Fluorinated gasses are powerful greenhouse gases that are emitted during a variety of industrial processes. Examples of these gasses include hydrofluorocarbons, perfluorocarbons, sulfur hexafluoride, and nitrogen trifluoride, all of which are synthetic, powerful greenhouse gases that are emitted from a variety of industrial processes. While typically emitted in smaller quantities, they are extremely potent and are sometimes referred to as high global warming potential (GWP) gases.

Together, these greenhouse gases absorb and retain heat from the sun while also regulating the earth’s climate by holding warmth in an atmospheric layer around the planet's surface. This phenomenon is known as the “greenhouse effect.”

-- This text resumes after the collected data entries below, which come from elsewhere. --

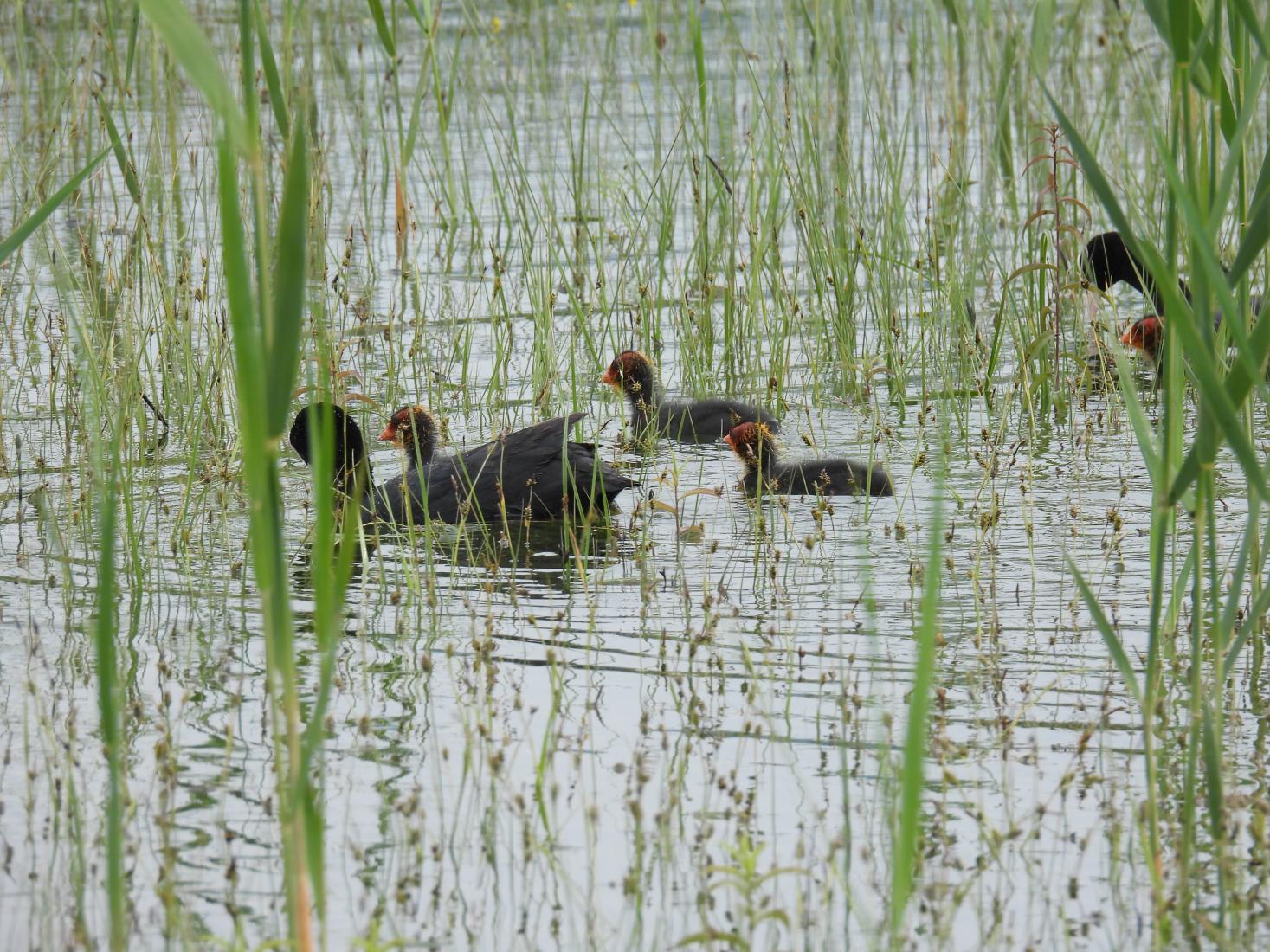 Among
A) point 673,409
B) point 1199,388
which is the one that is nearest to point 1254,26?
point 1199,388

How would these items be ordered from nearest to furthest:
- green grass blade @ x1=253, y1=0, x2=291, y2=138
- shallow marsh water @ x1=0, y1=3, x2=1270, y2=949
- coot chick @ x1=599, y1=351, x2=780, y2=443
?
shallow marsh water @ x1=0, y1=3, x2=1270, y2=949
green grass blade @ x1=253, y1=0, x2=291, y2=138
coot chick @ x1=599, y1=351, x2=780, y2=443

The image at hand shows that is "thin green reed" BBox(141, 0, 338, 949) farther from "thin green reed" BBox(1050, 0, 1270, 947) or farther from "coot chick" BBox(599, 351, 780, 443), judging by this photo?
"coot chick" BBox(599, 351, 780, 443)

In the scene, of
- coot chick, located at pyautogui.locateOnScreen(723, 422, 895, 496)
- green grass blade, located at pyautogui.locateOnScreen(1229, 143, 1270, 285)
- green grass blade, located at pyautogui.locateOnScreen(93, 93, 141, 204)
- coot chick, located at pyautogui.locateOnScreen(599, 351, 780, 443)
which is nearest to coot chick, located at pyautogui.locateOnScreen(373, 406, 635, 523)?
coot chick, located at pyautogui.locateOnScreen(723, 422, 895, 496)

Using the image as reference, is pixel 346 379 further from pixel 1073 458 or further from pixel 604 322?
pixel 1073 458

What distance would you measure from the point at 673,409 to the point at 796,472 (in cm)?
91

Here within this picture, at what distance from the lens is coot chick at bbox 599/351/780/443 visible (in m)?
6.78

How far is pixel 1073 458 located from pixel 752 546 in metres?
1.37

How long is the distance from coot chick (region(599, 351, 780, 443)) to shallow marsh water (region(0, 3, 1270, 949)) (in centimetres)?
15

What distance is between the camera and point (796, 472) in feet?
20.4

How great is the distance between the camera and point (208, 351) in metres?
6.36

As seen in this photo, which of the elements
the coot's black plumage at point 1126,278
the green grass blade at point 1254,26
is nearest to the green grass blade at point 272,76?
the green grass blade at point 1254,26

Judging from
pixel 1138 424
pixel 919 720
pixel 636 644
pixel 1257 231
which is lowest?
pixel 636 644

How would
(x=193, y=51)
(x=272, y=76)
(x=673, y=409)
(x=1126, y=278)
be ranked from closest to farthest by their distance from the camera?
(x=193, y=51)
(x=272, y=76)
(x=673, y=409)
(x=1126, y=278)

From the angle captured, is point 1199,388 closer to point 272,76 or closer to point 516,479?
point 272,76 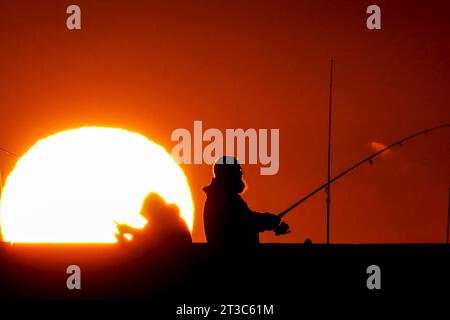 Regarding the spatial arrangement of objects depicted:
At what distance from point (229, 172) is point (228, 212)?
0.41 m

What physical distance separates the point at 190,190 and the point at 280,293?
51.6ft

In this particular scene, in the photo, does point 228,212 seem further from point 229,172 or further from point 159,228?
point 159,228

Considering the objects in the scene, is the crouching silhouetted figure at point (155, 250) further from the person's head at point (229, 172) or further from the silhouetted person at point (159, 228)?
the person's head at point (229, 172)

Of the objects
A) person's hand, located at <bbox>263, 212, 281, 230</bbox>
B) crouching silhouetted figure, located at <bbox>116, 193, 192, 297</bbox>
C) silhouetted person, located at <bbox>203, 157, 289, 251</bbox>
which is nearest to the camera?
crouching silhouetted figure, located at <bbox>116, 193, 192, 297</bbox>

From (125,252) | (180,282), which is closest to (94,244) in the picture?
(125,252)

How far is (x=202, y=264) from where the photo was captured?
8.61 metres

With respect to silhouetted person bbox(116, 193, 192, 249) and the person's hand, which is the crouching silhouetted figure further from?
the person's hand

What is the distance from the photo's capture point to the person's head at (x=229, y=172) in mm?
9367

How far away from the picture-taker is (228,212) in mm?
9273

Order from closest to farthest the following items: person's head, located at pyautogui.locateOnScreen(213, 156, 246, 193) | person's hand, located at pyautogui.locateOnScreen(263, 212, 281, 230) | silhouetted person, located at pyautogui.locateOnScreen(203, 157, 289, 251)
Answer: silhouetted person, located at pyautogui.locateOnScreen(203, 157, 289, 251) → person's head, located at pyautogui.locateOnScreen(213, 156, 246, 193) → person's hand, located at pyautogui.locateOnScreen(263, 212, 281, 230)

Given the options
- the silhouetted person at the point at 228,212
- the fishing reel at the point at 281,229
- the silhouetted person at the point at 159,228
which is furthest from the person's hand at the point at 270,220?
the silhouetted person at the point at 159,228

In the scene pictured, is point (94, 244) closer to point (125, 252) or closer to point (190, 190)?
point (125, 252)

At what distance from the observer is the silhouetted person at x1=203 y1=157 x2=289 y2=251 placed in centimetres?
916

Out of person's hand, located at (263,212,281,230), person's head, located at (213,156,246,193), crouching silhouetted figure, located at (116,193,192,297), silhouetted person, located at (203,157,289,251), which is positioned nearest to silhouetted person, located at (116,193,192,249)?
crouching silhouetted figure, located at (116,193,192,297) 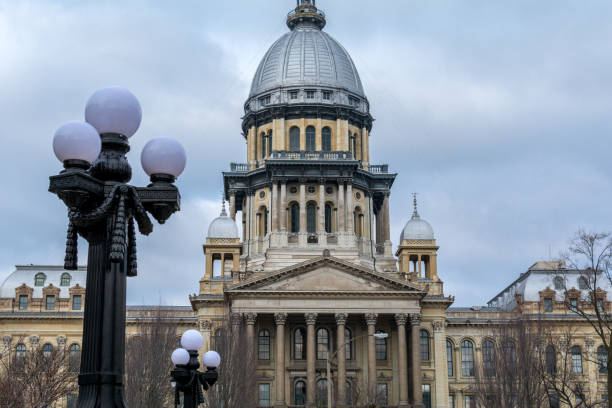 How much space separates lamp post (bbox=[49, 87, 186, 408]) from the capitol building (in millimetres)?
58148

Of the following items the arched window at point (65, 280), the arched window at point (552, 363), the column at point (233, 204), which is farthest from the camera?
the column at point (233, 204)

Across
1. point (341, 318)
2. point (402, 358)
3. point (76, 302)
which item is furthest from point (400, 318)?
point (76, 302)

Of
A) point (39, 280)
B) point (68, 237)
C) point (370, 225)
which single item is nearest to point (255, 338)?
point (370, 225)

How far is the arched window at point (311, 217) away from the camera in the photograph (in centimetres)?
9044

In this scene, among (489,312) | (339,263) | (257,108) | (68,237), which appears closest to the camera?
(68,237)

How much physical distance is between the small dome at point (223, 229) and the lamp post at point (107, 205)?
74713mm

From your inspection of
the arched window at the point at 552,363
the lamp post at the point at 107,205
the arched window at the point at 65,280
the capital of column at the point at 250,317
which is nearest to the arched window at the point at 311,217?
the capital of column at the point at 250,317

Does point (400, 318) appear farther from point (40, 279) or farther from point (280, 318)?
point (40, 279)

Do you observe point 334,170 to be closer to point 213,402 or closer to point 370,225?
point 370,225

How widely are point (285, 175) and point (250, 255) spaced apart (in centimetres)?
885

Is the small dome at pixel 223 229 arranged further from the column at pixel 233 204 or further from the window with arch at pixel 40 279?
the window with arch at pixel 40 279

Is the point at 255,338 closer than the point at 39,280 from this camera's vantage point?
Yes

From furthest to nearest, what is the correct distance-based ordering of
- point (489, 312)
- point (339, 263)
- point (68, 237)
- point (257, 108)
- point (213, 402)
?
1. point (257, 108)
2. point (489, 312)
3. point (339, 263)
4. point (213, 402)
5. point (68, 237)

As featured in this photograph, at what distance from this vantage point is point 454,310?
3573 inches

Greenhouse gases are crucial to making earth a habitable planet. Without these gases, the temperature on earth would be 5 degrees Fahrenheit instead of the current 60 degrees Fahrenheit. However, an excess of greenhouse gases can raise global temperatures to the extent that they become harmful.

Greenhouse gases are caused by multiple factors, many of which are naturally occurring without human activity. Some contributing factors can be traced back to solid waste as well as the manufacturer, distribution, and use of products that result in manufacturing waste as well as solid waste.